A few days ago I mentioned that I rejected a freelance writing opportunity.
While I know it was the right thing to do, I was disappointed. Disappointed with the lack of finances (and my need for more!), disappointed with a failed opportunity, disappointed with so much.
While endeavoring to be a paid writer I’ve also been trying to find a day job to pay the bills. That hasn’t offered much hope either.
So. I admit that God and I had a bit of a talk. Actually, it was more of a child kicking and screaming to get attention from the adult. Without actually throwing a temper tantrum, I admit that my heart really wanted to. I prattled off all my worries and concerns and the reasons I’m not sleeping as well as I used to and don’t forget the recurring knee injury and what is up with this cold weather and wind and by the way do you think just once I could win the lottery? Or at least a few decent writing assignments? Is that really too much to ask?
I learned a few things that day.
*First: It’s okay to cry. It’s okay to be sad and discouraged. It is not okay to wallow or lose hope. But it’s totally okay be tired and cry it out.
*Second: Crying can be good. Admitting your disappointments out loud can be cathartic. Telling your worries to your mother over a tear-stained coffee cup can even lead to some unintentionally humorous conversations.
*Third: God loves me and will take care of me no matter what. Even when He doesn’t give me what I want, He gives me what I need and protects me from what I deserve. What I think I need is not what I really need. And that thought terrifies me because I don’t like the unknown. But if all I know is God will take care of me, and my family, then that’s what I have to go on.
*Fourth: Proverbs 22:1 (NIV): “A good name is more desirable than great riches; to be esteemed is better than silver or gold.” I could sell my writings almost anywhere. I could write the kind of stories that would sell big, but in doing so I would compromise my style, my faith, and my name. I could write for people who don’t care about quality. I could write, and get paid. But I’d rather keep my Good Name. Because in doing so, I’m trusting God for the rest. (See Bullet Three above).
I kept praying for
direction answers my will to be accomplished. Until I realized this is the first of many rejection notices I’ll receive. I just happen to be the one doing the rejection this time. And I’m okay with that.

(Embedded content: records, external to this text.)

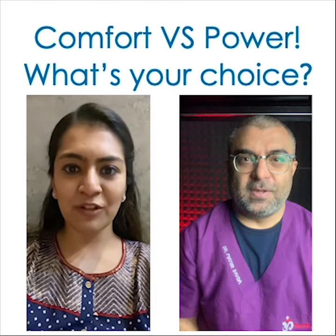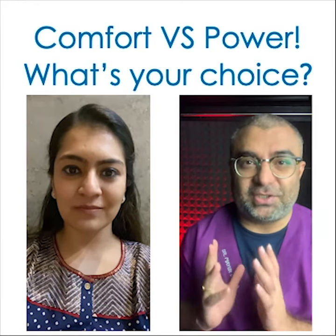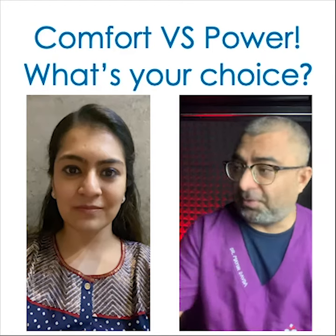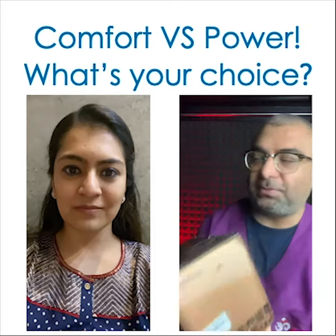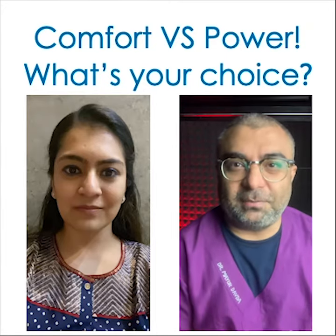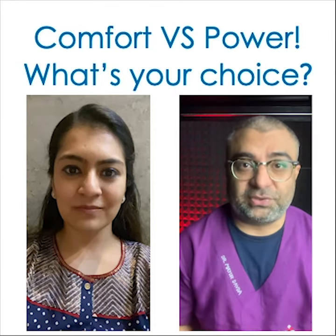So which ring flash should be preferred for dental purposes and why? That's a great question, Shikha. You're right — guide number is equal to distance from the flash multiplied by the F number. The older one did have a guide number of 14, which was similar to that of the Canon, but very honestly, even though the guide number was 14, when I compared it with the Canon ring flash, the power was comparatively lesser.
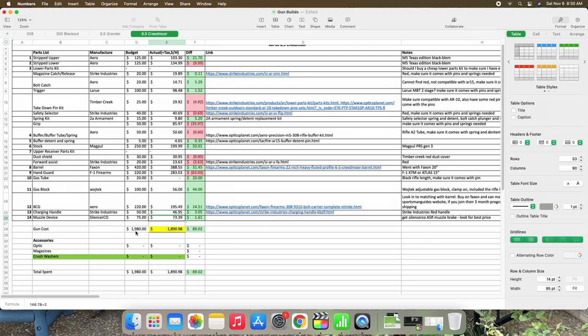My total was $1,890 — I had budgeted just under $2,000, so I saved about $90. That does not include any optics, magazines, or anything else — that was solely what y'all saw in this build series. I'll have to add on some optics and buy another magazine or two as well.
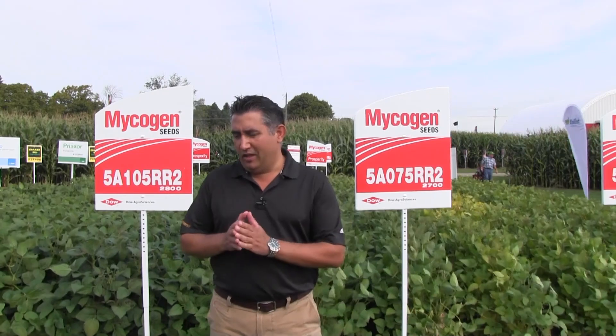Today I'm going to talk to you about doing yield estimations on soybeans with a very simplified method. The only number we have to remember with this method is 21. This method can work with 30-inch rows, 15-inch rows, and 7.5-inch rows of soybeans.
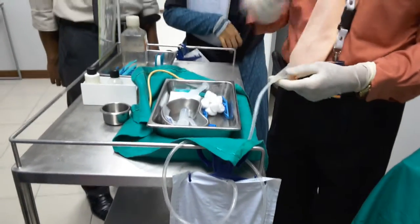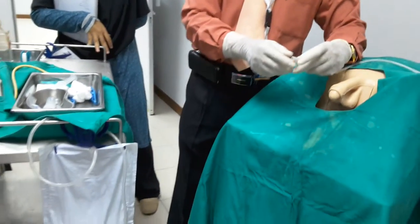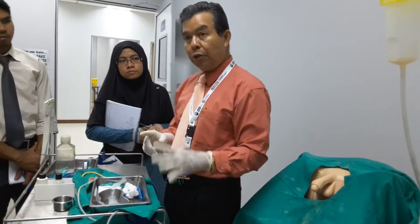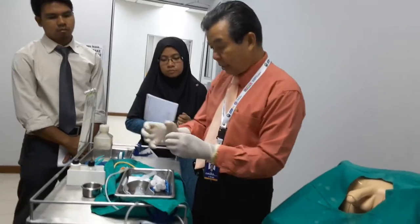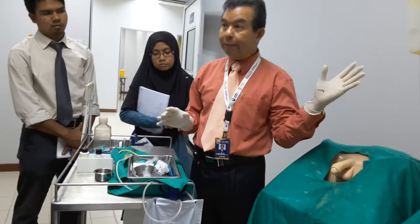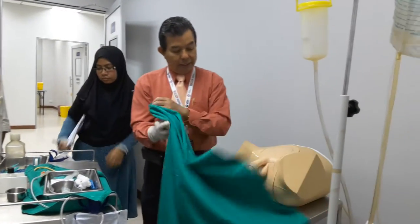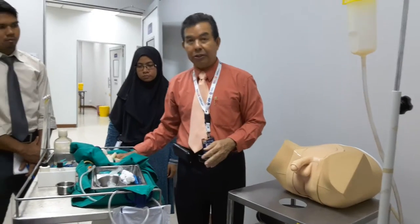The balloon keeps the catheter secured inside the urinary bladder and urine drains through to the collection bag. In the ward, the container measures urine output to assess whether it is adequate. Remember the aseptic non-touch technique for putting on gloves and handling everything. Once done, wash up, cover up, and thank the patient. That is catheterization.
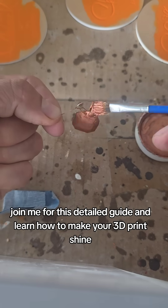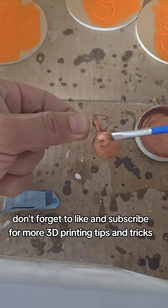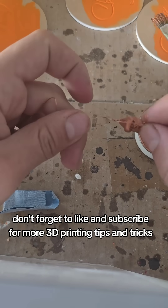Join me for this detailed guide and learn how to make your 3D prints shine. Don't forget to like and subscribe for more 3D printing tips and tricks.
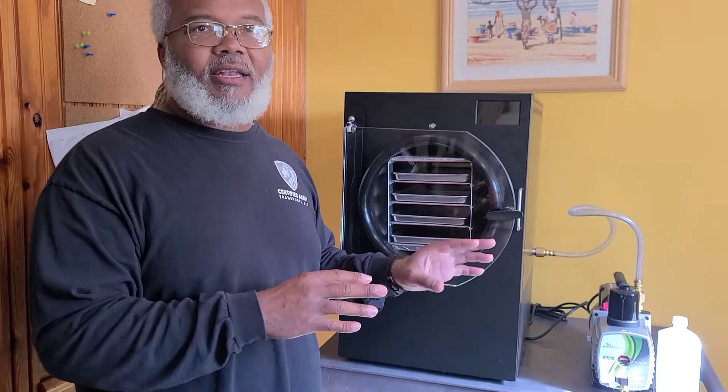Everything has been cleaned, got a lot of the new smell out, and it actually did work. So next we're going to go into the stage of the functionality of the machine.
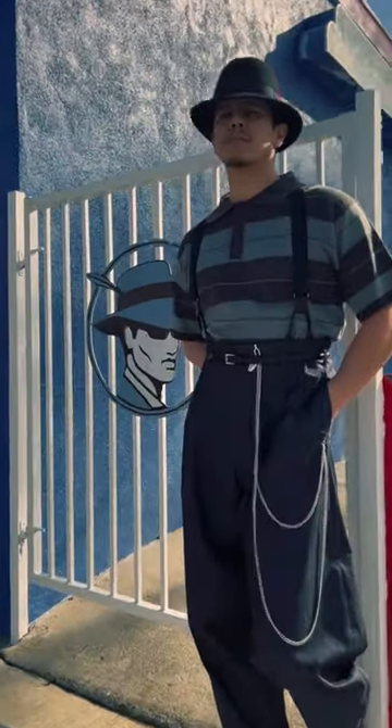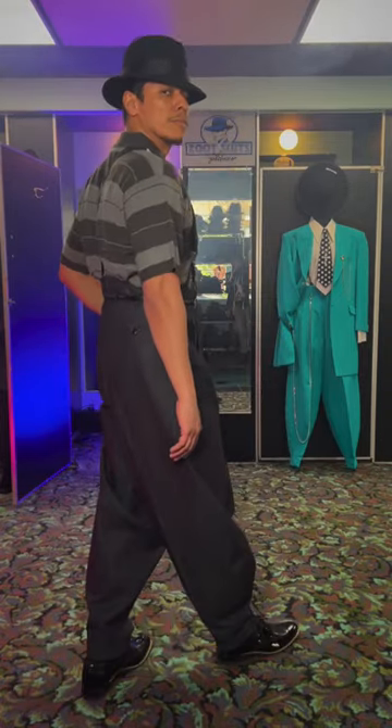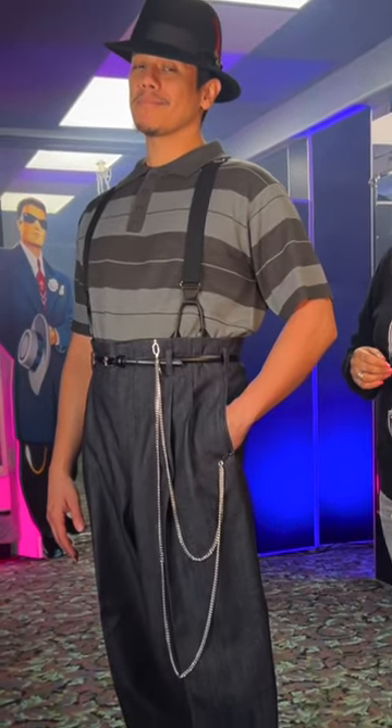Look at this classic twist on zoot suits. Look at the detail. He's ready — he's ready to go to the low rider show, he's ready to wear it to a party, put on a dress shirt and go to church. Con tus Stacey Adams, mira nomas.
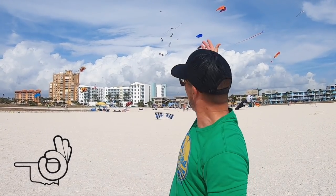Welcome back to the OK Kiteboarder. This week is exciting for me because I get to learn how to fly a foil kite.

I’m a firm believer that when God closes one door, He opens another.
The same day I rejected this freelance opportunity, another one came my way. One that will be mutually beneficial to myself and the business I’m writing for. One that leaves me no doubt that God had this lined up before I even thought of rejecting the first one.
And then of course I felt pretty foolish for having stomped my feet and threw my fists in the air (no, not literally!). But it’s a good thing to know that God loves me know matter what. It’s an even better thing to know He knows what’s really in my heart.
Psalm 50:15 (NIV): ” and call on me in the day of trouble; I will deliver you and you will honor me.”
Yeah. I’m keeping my Good Name. Because it comes from My Father. And after all, Father Knows Best.
And Frankly, My Dear… that’s all she wrote!
I LOVED how you came across in this post. Tremendous faith and yet, tremendously human. I believe every Christian could relate to these feelings since none of us are perfect and all face feelings like this. Very nicely written! :)
Thank you so much, Susan. I strive to show God is very reachable. Thanks for your kind words! What a day brightener!